Showing posts with label American Film. Show all posts
Showing posts with label American Film. Show all posts

Thursday, September 12, 2013

Movie Review: Dead Man's Burden (2012)

Dead Mans Burden (2012)
Release Year: 2012
Director: Jared Moshe
Writer: Jared Moshe
Studio: Illuminaria Productions
Rating: NR
Runtime: 93 minutes
Setting: New Mexico

US Film


What It's About

While patrolling the post-Civil War wilds of Wyoming, lawman Wade McCurry (Barlow Jacobs) receives a letter from his estranged father imploring him to hasten back to the family's homestead in New Mexico. It seems that trouble has beset the McCurry clan, threatening the family holdings and forcing a legendarily stubborn father to extend his hand to a son he'd once threatened to kill should he ever return home. Somewhat reluctantly, Wade resigns his post and treks to New Mexico to find his father dead, his sister Martha (Clare Bowen) grown and married to Heck Kirkland (David Call) - a fugitive member of Quantrill's Raiders - and a Northern land agent (Joseph Lyle Taylor) sniffing around the property in an attempt to secure priceless water rights for a copper mining operation. It's not long before Wade suspects foul play, and tensions rise as the former lawman sets out to protect the homestead and seek justice. The discovery of the truth surrounding the circumstances of his father's death, combined with the revelation of his own past to Martha and Heck, forces Wade to confront the corrupting power that money holds - even over family ties.

Clare Bowen as Martha McCurry in Dead Man's Burden
Clare Bowen as Martha McCurry in Dead Man's Burden

Written and directed by Civil War buff Jared Moshe, whose credits thus far have been limited to the production of a handful of shorts and documentaries, Dead Man's Burden is very much a character-driven piece. Filmed on a micro-budget and in a limited number of locations, the movie's fate instead rests upon a strong story, believable characters, and a cast with the talent to breathe life into both.


Despite the limited resources that first-time writer/director Moshe had to work with, Dead Man's Burden gives the presence of a big production wrapped up in indie packaging. Shot on film, the cinematography pleasingly captures the rugged beauty of the stark landscape in which the story is set. The dreaded lens flare phenomenon creeps in to a scene or two, but by and large Moshe's framing was enjoyable.
The story, which Moshe seems to have written with his limited budget in mind, is plausible and well-researched. The Civil War nerd in me was pleased when a key reveal in protagonist Wade's wartime service involved the name of General George Thomas, a key figure in the Battle of Chickamauga who is probably unknown to most viewers - but was certainly well known to the characters in in the film.
Barlow Jacobs as Wade McCurry in Dead Man's Burden
Barlow Jacobs as Wade McCurry in Dead Man's Burden
Portraying the three main characters, Barlow Jacobs, David Call and Clare Bowen all deliver convincing performances. None have prior Western film experience, but all adequately adopt the mannerisms and dialect that enable them to accurately portray displaced Southerners scratching out an existence in the harsh frontier. For Jacobs, a native of the Southern United States, I imagine getting into character was not nearly as difficult as it was for Bowen - an Australian. Other than a few slips, she masterfully masked her nationality with an authentically Southern accent.
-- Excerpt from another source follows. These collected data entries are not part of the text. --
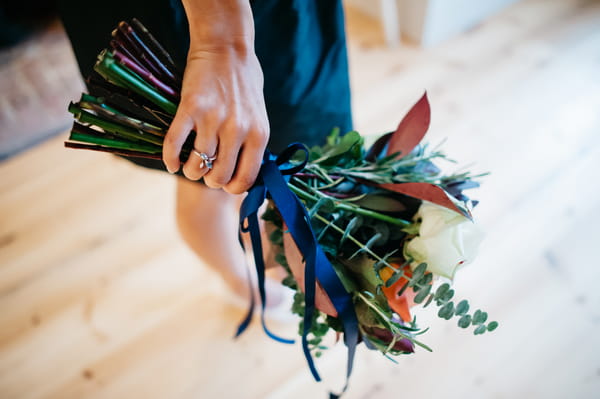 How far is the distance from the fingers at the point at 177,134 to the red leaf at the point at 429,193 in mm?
293

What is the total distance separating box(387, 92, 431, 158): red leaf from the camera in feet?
2.00

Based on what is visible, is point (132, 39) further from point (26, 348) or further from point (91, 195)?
point (91, 195)

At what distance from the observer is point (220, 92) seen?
0.50 metres

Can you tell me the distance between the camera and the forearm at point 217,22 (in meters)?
0.50

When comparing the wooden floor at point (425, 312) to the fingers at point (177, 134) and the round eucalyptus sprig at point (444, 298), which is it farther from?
the fingers at point (177, 134)

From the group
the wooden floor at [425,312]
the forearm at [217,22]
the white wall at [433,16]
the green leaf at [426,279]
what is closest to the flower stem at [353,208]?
the green leaf at [426,279]

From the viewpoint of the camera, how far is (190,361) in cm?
112

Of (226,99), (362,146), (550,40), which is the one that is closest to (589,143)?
(550,40)

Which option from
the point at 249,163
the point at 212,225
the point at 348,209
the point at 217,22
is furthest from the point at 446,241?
the point at 212,225

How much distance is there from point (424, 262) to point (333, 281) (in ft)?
0.39

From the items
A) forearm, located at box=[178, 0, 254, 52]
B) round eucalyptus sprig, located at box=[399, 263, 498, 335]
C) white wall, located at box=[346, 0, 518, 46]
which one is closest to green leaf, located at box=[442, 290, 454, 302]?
round eucalyptus sprig, located at box=[399, 263, 498, 335]

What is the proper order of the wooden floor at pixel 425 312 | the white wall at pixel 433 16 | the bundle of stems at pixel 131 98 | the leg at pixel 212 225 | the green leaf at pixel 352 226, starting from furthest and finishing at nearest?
the white wall at pixel 433 16 < the wooden floor at pixel 425 312 < the leg at pixel 212 225 < the green leaf at pixel 352 226 < the bundle of stems at pixel 131 98

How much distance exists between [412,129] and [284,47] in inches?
10.6

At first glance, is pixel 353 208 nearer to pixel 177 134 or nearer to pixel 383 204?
pixel 383 204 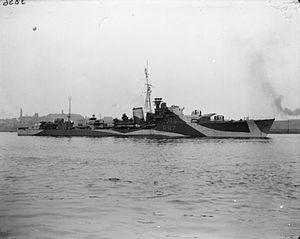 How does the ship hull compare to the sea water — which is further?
the ship hull

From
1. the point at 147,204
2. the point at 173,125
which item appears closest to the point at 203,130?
the point at 173,125

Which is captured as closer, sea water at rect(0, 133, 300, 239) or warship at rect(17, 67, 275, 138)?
sea water at rect(0, 133, 300, 239)

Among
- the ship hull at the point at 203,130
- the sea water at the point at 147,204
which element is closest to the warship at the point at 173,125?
the ship hull at the point at 203,130

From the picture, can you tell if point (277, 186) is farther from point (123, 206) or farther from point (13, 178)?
point (13, 178)

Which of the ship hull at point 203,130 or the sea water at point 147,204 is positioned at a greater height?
the ship hull at point 203,130

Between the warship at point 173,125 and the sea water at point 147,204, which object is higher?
the warship at point 173,125

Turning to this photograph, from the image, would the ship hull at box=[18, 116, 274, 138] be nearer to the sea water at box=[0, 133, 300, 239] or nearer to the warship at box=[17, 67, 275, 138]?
the warship at box=[17, 67, 275, 138]

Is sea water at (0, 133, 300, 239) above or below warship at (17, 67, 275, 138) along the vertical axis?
below

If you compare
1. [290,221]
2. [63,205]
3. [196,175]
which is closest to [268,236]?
[290,221]

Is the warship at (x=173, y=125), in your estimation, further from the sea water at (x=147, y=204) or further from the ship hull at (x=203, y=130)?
the sea water at (x=147, y=204)

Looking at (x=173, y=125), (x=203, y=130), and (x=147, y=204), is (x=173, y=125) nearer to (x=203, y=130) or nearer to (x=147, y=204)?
(x=203, y=130)

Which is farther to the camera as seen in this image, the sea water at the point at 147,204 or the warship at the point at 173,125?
the warship at the point at 173,125

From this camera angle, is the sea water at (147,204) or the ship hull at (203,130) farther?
the ship hull at (203,130)

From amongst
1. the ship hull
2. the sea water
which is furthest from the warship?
Result: the sea water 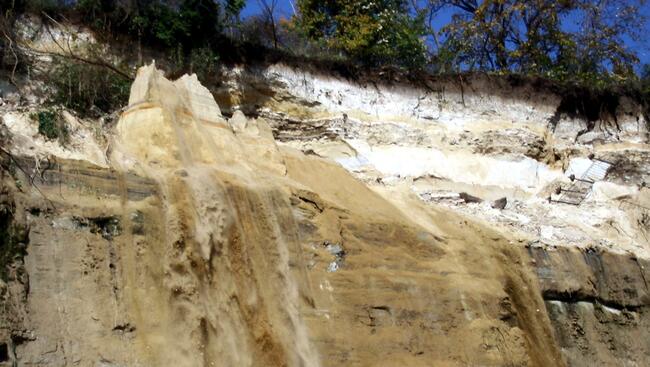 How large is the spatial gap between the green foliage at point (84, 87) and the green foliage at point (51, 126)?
3.59m

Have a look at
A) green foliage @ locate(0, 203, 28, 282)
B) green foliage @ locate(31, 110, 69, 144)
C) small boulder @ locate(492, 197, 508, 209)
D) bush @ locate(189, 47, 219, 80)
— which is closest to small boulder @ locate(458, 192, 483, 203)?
small boulder @ locate(492, 197, 508, 209)

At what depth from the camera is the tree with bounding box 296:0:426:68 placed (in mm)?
20500

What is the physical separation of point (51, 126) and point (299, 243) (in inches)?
122

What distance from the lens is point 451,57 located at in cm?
2173

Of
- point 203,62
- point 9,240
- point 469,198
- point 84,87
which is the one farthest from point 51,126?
point 469,198

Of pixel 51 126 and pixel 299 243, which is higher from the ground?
pixel 51 126

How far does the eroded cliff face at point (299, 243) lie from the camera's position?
8.99m

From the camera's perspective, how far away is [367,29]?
2109cm

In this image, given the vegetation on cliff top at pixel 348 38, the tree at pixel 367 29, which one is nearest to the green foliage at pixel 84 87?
the vegetation on cliff top at pixel 348 38

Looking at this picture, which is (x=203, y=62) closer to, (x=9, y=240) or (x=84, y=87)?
(x=84, y=87)

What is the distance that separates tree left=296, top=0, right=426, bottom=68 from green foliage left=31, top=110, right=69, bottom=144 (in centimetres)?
1066

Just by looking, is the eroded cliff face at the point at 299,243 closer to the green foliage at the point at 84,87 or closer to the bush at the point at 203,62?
the bush at the point at 203,62

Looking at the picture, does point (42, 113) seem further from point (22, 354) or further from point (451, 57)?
point (451, 57)

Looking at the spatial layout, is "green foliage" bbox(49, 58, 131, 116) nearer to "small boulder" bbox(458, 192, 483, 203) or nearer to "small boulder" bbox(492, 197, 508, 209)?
"small boulder" bbox(458, 192, 483, 203) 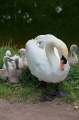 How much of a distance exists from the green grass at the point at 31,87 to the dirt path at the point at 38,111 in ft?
0.51

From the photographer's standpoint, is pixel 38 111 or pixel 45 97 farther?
pixel 45 97

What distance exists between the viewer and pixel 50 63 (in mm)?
5395

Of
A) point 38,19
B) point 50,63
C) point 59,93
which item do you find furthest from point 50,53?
point 38,19

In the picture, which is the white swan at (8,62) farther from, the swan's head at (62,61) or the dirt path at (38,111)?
the swan's head at (62,61)

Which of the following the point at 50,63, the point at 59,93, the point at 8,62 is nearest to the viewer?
the point at 50,63

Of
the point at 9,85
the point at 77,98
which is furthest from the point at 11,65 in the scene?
the point at 77,98

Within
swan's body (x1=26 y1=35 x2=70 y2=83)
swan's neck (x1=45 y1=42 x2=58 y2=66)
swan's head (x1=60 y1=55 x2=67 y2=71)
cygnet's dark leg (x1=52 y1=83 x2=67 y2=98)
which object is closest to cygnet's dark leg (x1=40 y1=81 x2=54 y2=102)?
cygnet's dark leg (x1=52 y1=83 x2=67 y2=98)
I found little fault with Dead Man's Burden, though some may bemoan the lack of train robberies and saloons or the sparing use of shootouts. The biggest complaint that I have centers on the sometimes too authentic dialect, which occasionally descended into indecipherable territory. I've lived in the South for several years now, yet still some phrases issued by our three main characters escaped my understanding.
Less conspicuous is what I feel to be a weakness in Bowen's acting arsenal. While she was spot on with most of her emotions - anger, joy, iciness - her display of fear was jarringly unconvincing. It was almost comical, in fact, but overall just a minor gripe.


As you could probably guess by now, the action in Dead Man's Burden is somewhat limited and therefore bloodshed occurs rarely and only when necessary to propel the story forward. By and large the effects are tasteful and avoid over-amplifying the gore factor.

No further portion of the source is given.